Essentially, in the future, will that mean if Sony continues to offer high-quality, big-budget single-player games for the first time, which a few months later also become their own. independent multiplayer modes? Modes that can help games live longer in the leaderboards than they otherwise would have, modes that help Sony keep its fingers in the multiplayer gaming cake without basically forcing each of its games to become destiny? I don’t think anyone would really care if the next one Horizon had an independent multiplayer mode from the single player game (and, in fact, the developers Guerrilla Games were apparently hiring people for a multiplayer project).
Basically what I’m saying is that in the future we can see Sony delivering the same kinds of top-tier games it’s known for – that after launch, also get an extra multiplayer mode.
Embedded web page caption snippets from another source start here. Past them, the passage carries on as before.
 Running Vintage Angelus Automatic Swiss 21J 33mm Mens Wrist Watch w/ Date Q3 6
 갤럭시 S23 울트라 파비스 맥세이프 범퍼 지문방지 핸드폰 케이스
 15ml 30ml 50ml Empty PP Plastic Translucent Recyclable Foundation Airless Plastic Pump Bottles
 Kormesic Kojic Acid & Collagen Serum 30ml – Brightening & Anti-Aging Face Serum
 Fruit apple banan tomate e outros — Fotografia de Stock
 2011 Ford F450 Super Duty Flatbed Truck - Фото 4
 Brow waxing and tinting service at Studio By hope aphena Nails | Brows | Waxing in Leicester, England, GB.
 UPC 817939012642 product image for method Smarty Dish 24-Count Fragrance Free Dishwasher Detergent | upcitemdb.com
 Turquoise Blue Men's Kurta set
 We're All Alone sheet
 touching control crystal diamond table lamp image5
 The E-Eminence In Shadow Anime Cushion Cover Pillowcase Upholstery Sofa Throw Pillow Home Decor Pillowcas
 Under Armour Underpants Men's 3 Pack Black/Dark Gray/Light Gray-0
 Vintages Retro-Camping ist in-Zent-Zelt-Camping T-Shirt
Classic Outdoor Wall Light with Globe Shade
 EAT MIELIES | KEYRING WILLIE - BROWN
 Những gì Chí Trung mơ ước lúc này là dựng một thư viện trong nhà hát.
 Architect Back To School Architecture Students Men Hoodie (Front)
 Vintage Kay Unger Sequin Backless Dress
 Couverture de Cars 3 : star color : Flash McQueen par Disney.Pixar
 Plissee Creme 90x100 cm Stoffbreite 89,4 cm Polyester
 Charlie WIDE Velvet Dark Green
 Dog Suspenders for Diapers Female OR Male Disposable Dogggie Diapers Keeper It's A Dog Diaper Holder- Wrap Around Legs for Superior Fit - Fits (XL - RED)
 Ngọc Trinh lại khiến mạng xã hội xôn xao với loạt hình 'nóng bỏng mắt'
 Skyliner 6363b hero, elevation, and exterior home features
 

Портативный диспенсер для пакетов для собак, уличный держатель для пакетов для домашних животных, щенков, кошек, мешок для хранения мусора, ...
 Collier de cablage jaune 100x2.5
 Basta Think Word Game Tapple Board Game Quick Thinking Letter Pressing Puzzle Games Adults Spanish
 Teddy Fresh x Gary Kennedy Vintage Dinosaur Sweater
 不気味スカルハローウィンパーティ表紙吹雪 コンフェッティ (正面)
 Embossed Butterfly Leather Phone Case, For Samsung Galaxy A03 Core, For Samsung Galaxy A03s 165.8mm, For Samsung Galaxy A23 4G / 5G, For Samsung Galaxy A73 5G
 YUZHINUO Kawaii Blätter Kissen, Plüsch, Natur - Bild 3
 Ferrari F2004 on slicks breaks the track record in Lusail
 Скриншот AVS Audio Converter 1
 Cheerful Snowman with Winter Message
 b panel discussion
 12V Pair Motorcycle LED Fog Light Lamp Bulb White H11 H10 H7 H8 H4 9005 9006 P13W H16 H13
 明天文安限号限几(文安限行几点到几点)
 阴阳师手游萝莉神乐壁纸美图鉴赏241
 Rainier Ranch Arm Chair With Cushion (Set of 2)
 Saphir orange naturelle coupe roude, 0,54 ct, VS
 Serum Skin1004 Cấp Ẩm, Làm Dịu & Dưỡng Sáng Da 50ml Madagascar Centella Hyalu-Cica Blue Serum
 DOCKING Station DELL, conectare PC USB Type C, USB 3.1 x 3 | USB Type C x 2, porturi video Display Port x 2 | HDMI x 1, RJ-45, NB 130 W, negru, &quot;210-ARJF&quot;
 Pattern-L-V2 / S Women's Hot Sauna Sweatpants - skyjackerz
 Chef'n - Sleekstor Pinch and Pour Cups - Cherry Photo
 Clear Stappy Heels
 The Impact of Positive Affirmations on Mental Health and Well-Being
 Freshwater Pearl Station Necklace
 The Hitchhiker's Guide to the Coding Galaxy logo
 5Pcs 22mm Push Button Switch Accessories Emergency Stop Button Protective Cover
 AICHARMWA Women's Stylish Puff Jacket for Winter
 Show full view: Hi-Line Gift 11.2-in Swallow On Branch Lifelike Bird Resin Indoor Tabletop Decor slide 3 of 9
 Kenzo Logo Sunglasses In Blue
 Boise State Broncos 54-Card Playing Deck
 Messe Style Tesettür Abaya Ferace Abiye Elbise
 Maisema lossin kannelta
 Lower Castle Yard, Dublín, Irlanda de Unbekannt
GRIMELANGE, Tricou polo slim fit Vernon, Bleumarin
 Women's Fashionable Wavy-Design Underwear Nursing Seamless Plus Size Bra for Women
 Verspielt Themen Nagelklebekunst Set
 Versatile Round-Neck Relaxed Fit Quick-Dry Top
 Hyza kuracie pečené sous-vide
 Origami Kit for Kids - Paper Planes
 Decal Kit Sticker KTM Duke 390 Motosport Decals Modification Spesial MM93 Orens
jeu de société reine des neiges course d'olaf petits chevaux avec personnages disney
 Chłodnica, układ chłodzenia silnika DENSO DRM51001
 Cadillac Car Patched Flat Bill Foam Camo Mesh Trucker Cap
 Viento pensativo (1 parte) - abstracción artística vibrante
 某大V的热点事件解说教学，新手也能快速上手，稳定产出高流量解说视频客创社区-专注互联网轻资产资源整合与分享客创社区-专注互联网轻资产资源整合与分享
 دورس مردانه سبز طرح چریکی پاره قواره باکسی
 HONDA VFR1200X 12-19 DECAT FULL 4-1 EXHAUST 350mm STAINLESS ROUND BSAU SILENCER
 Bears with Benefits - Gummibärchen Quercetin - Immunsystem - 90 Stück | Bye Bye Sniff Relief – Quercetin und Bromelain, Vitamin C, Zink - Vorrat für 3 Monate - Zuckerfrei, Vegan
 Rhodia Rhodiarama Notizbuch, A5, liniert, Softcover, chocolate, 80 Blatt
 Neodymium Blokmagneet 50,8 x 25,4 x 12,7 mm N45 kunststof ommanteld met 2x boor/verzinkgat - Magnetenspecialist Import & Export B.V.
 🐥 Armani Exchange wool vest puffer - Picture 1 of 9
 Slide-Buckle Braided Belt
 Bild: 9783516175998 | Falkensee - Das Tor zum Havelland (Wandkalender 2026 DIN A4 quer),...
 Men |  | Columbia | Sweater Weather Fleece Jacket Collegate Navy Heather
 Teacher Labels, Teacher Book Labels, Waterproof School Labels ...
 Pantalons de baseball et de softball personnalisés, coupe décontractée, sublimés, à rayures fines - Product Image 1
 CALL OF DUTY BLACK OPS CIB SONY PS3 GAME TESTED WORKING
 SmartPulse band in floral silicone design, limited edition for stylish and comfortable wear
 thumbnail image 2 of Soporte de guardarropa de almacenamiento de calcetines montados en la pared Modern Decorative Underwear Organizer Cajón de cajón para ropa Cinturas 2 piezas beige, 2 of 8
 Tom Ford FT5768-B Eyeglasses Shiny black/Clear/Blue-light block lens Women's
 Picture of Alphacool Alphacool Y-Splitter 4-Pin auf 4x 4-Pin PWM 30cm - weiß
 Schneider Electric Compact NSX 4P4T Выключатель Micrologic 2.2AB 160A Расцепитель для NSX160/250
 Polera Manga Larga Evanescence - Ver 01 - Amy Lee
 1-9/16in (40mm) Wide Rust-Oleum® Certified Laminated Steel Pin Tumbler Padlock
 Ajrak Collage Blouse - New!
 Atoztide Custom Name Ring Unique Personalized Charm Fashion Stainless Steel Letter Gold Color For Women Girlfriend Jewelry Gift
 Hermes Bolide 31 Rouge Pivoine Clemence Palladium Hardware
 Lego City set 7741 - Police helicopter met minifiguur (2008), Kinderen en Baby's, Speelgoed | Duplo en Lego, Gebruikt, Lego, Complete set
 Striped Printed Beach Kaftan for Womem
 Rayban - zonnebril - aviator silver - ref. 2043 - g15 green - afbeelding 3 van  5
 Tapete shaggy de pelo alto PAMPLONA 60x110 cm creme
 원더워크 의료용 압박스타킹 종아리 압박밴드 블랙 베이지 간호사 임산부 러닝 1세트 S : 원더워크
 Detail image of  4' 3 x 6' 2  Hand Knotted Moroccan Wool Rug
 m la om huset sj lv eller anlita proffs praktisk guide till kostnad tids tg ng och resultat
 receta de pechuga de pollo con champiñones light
If you don’t care about that multiplayer, you can skip it (especially since it’s not like single-player mode is being held back in any way, if Sony games continue to maintain their level of current quality). This would allow them to have some participation in the multiplayer / service games market, without needing to force the next one Unexplored to become Anthem.
I have a feeling that this is what we will see more and more often in the future. What if it helps attract more people with the amazing games from Sony? I completely agree.
Note: The opinions expressed in this article are those of the author and do not necessarily represent the views of GamingBolt as an organization and should not be attributed to it.